Script to cut rsync file list by upto 95%

This forum covers all Gentoo-related software not officially supported by Gentoo. Ebuilds/software posted here might harm the health and stability of your system(s), and are not supported by Gentoo developers. Bugs/errors caused by ebuilds from overlays.gentoo.org are covered by this forum, too.
Post Reply
Advanced search
50 posts
  • 1
  • 2
  • Next
Author
Message
NickDaFish
Tux's lil' helper
Tux's lil' helper
User avatar
Posts: 112
Joined: Thu Sep 12, 2002 4:24 pm
Location: Boston, USA

Script to cut rsync file list by upto 95%

  • Quote

Post by NickDaFish » Mon May 19, 2003 10:04 pm

I have a few gentoo servers that have only a few packages above the base install. Whenever I'd sync them I'd watch as they chewed up bandwidth and CPU grabbing tons of files they didn't and wouldn't need.
So I decided to build an exclude list thinking it would be easyer than making an include list.... Long story short I ended up writing this script...

Code: Select all

#!/usr/bin/python
#
# prlock.py (Portage Rsync Lockdown)
# This script creates a exclude list for portage's rsync. The exclude list
# excludes all but the installed packages (found with qpkg).
# Specify 'branch-name/package-name' arguments to unlock additional packages
# that are not yet installed.
# Remember to edit make.conf and make the dir /etc/portage
#
# *WARNING*
# If you use this script and find yourself wanting to add a new package...
# You MUST either add it to the exclude list (By passing it as an arg to 
# prlock) or comment out the exclude list entirly in make.conf.
# Then do a sync
# THEN add the package
# If you don't you will add a package that may be out of date!
#
# Eg.....
#     > prlock.py dev-python/wxPython
# This will restrict the rsync to only the installed packages AND wxPython
# All other packages will not be updated.
#
# Nick Fisher prlock@nickdafish.com
#
import os, re, sys

# Quit if an arg that doens't look like a package is encountered.
for arg in sys.argv[1:]:
    if not re.match('[\w|-]+/[\w|-]+',arg):
        print 'Line doens\'t look like it is a package....\n',arg,'\n','...aborting.'
        sys.exit(1)

# Check that the make.conf is ready for the exclude
for line in open('/etc/make.conf','r').readlines():
    if re.match('RSYNC_EXCLUDEFROM=/etc/portage/rsync_excludes', line): break
else:
    print 'WARNING! RSYNC_EXCLUDEFROM=/etc/portage/rsync_excludes was not found in /etc/make.conf'
    print 'Make sure that it isn\'t commented out. Portage will not exclude without it!'

# Check that we will be able to write the file
if not os.path.isdir('/etc/portage'):
    print "/etc/portage/ does not exist!\nPlease make the dir and try again." 
    sys.exit(1)

# Run qpkg to find all the installed packages
pkgl = os.popen('/bin/bash /usr/bin/qpkg -nc -I','r').readlines()

# Add the args
for arg in sys.argv[1:]:
    pkgl.append(arg)
    print 'Adding package from cmd line ',arg

# Add the branches to list and format
fmt = re.compile(r'[\w|-]*/')
list=[]
for line in pkgl:
    m = fmt.search(line)
    if not('+ '+m.group()+'\n' in list): list.append('+ '+m.group()+'\n')
    if not('+ metadata/cache/'+m.group()+'\n' in list): list.append('+ metadata/cache/'+m.group()+'\n')
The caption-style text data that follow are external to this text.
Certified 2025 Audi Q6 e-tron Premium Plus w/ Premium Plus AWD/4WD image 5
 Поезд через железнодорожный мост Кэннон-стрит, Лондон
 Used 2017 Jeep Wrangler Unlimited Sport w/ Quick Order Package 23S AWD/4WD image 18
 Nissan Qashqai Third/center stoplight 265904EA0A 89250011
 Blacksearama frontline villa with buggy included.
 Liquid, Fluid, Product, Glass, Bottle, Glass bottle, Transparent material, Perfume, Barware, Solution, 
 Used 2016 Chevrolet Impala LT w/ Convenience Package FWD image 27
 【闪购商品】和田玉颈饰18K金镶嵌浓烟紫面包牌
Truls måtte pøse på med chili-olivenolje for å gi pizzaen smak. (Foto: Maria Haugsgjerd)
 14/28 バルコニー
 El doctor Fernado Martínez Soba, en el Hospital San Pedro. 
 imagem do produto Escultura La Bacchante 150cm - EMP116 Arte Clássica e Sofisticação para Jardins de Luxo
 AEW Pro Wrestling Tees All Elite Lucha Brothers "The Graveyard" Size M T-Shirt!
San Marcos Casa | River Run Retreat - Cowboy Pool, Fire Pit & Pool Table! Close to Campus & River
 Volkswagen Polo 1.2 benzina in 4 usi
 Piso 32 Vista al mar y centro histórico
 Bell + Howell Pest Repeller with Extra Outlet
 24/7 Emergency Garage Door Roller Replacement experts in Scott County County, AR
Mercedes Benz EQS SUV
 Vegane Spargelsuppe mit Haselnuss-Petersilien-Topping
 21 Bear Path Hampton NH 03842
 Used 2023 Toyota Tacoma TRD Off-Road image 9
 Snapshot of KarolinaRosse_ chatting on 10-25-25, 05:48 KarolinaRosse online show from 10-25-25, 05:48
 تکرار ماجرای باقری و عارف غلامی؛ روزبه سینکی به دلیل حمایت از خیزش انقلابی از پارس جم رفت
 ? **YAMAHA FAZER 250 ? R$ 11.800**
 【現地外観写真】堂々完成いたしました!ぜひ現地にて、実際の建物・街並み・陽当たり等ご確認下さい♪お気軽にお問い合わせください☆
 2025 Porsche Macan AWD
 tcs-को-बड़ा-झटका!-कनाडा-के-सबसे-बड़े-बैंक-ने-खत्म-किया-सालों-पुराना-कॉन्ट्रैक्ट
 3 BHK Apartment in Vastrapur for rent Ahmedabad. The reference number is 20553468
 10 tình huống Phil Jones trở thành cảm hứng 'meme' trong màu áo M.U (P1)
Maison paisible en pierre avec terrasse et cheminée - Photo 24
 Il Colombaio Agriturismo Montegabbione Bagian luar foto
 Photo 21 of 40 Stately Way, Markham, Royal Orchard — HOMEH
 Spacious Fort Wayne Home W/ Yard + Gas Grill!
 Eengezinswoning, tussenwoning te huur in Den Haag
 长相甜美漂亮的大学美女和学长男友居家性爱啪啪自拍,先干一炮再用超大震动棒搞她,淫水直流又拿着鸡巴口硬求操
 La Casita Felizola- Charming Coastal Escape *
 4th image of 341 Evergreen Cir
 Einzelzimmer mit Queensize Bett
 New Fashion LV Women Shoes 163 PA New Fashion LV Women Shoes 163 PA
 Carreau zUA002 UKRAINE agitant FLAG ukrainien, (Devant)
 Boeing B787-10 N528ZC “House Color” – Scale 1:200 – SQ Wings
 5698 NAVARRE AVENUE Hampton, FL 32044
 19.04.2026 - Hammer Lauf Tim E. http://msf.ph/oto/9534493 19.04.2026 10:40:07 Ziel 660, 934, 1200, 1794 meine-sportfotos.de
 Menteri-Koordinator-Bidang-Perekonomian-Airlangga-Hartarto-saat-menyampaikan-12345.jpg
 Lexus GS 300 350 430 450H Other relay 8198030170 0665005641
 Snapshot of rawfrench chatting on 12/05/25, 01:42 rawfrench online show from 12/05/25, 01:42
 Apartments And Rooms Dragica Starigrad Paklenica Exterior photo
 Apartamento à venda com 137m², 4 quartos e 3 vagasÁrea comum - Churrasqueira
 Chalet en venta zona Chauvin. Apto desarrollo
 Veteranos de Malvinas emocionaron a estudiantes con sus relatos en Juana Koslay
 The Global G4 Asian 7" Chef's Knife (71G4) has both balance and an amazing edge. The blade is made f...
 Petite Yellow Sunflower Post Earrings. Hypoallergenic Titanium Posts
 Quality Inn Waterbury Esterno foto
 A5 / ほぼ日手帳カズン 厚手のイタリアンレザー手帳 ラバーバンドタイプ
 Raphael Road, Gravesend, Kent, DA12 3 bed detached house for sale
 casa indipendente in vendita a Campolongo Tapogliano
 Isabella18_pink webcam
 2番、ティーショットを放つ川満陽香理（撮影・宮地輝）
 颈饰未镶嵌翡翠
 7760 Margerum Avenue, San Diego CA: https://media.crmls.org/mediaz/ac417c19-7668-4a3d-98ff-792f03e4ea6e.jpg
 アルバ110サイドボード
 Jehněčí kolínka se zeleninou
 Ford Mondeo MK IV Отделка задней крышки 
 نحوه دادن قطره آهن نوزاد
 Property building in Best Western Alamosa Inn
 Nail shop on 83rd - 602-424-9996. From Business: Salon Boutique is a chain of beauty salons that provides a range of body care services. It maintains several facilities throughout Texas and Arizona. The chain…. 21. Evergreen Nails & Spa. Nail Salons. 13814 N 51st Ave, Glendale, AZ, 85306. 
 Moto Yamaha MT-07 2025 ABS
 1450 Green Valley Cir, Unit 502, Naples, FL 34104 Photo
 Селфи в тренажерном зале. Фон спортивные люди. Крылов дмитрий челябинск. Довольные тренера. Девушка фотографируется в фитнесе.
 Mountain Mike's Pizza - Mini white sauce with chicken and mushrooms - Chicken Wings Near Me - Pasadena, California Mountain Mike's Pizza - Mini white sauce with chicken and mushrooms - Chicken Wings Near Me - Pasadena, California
# Add the package dir and all subdirs/files to list
for x in range(len(pkgl)):
    list.append('+ '+pkgl[x].strip()+'/\n')
    list.append('+ '+pkgl[x].strip()+'/**\n')
    list.append('+ metadata/cache/'+pkgl[x].strip()+'*\n')

# Append the directives to allow access to the metadata
list.append('+ metadata/\n')
list.append('+ metadata/*\n')
list.append('+ metadata/cache/\n')
list.append('+ metadata/cache/*\n')

# Allow sync for eclasses
# I don't know how I could exclude them well
list.append('+ eclass/\n')
list.append('+ eclass/**\n')

# Allow sync for files
# These shouldn't be excluded
list.append('+ files/\n')
list.append('+ files/**\n')

# Allow sync for libsidplay
# I havn't a clue what this branch is about
list.append('+ libsidplay/\n')
list.append('+ libsidplay/**\n')

# Allow sync for licenses
# Should be updated that often
list.append('+ licenses/\n')
list.append('+ licenses/**\n')

# Allow sync for packages
# Dunno what this branch is about
# Include for safteys sake
list.append('+ packages/\n')
list.append('+ packages/**\n')

# Allow sync for profiles
# Should smarten this up at some point
list.append('+ profiles/\n')
list.append('+ profiles/**\n')

# Allow sync for scripts
list.append('+ scripts/\n')
list.append('+ scripts/**\n')

# Sort the list for readability
list.sort()

# Add the include all files and exclude everything else
list.append('+ /*\n- *')

# Write the pkg list out to the exclude file
open('/etc/portage/rsync_excludes','w').writelines(''.join(list))

If you ever need to add a new package remember to add it first to the exclude list by passing it as an arg to prlock. Then sync again to get all the latest files.

Things to note:
Remember to make the /etc/portage dir
Remember to uncomment the 'RSYNC_EXCLUDEFROM' in the make.conf
Remember to localise rsync as layed out in the GWN

Also Please note that I'm not and do not profess to be a Portage guru or a Python guru. Infact this is the first python script I have used in production. If you have any notes, bugs or comments about the script please message me and I will do an edit.... lets keep this thread clean.
I'm not really sure that this script is 100% safe. I've been using it for a while, I've have had no trouble and I see no reason why I should. If anyone does spot a problem please let me know!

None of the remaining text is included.